Terrence "Terry" John Daniher (born 15 August 1957) is a former Australian rules footballer who played with the South Melbourne and Essendon Football Clubs in the Australian Football League (AFL). Terry was also an assistant coach for the Essendon, Collingwood, St Kilda and Carlton Football Clubs. Terry's brothers, Neale, Anthony and Chris, also played for Essendon in the AFL. He is a member of the Australian Football Hall of Fame and the Wagga Wagga Sporting Hall of Fame and is a Champion of Essendon. Terry is currently the owner of Terry Daniher Cleaning Services, a cleaning company based in Melbourne.

Early life and childhood
Terry was born the first child of James "Jim" Daniher and Edna Daniher (née Erwin) on 15 August 1957 at West Wyalong Base Hospital. Terry attended St Joseph's Catholic School, Ungarie for his primary education before going to Ungarie Central School until year ten, after which he became a farmer.

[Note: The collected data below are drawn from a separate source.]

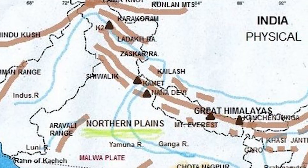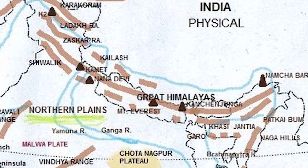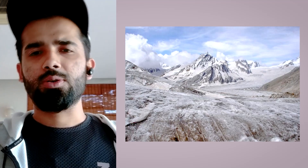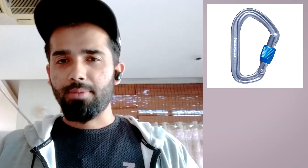Himalayan treks usually spread across four major states — Kashmir, Himachal, Uttarakhand, and Sikkim — and you can divide the terrain into three broad buckets: glacial, rugged, and snowy. Glacials are usually frozen lakes, rivers, or natural water bodies. For glacial terrain you need five essential gears: a helmet for safety, a combination of carabiners, rope, and harness to keep your grip intact and manage windy conditions. When ascending, you also need an ice axe and crampons for your shoes.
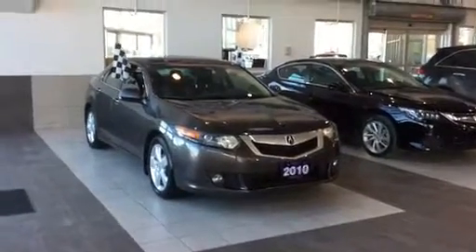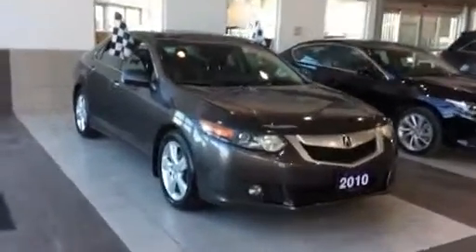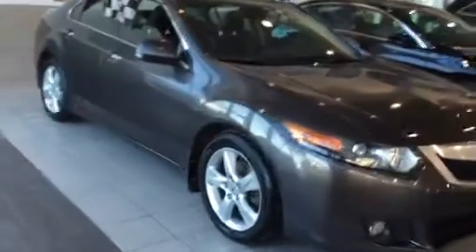Hi Dennis, as promised this is the 2010 Acura TSX that I've been discussing with you about. I'm just going to do a little walk around video for you.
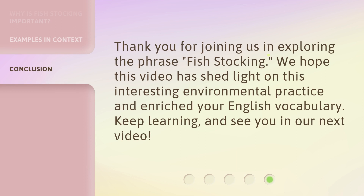Thank you for joining us in exploring the phrase fish stocking. We hope this video has shed light on this interesting environmental practice and enriched your English vocabulary. Keep learning, and see you in our next video.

It was during his childhood that Terry showed his love for sport, namely Australian rules football, playing in the Northern Riverina Football League (NRFL) on Saturdays while playing rugby league at school carnivals. It was during his time in the NRFL that Terry won several best & fairest award, including the senior football Evans Medal in 1974, before playing with Ariah Park-Mirrool in the South West Football League (New South Wales) for the 1975 season. It was during this season that Terry was approached by the South Melbourne Football Club to play for them.

VFL/AFL playing career
From 1976–1992 Terry played for South Melbourne and Essendon in the VFL/AFL, playing 313 games and playing in the 1983, 1984, 1985 and 1990 Grand Finals, two of which he won. He also made history alongside his brothers when they became the first quartet of brothers to play for the same team in a State of Origin match and in a home-and-away game. It was after the 1992 season that Terry retired.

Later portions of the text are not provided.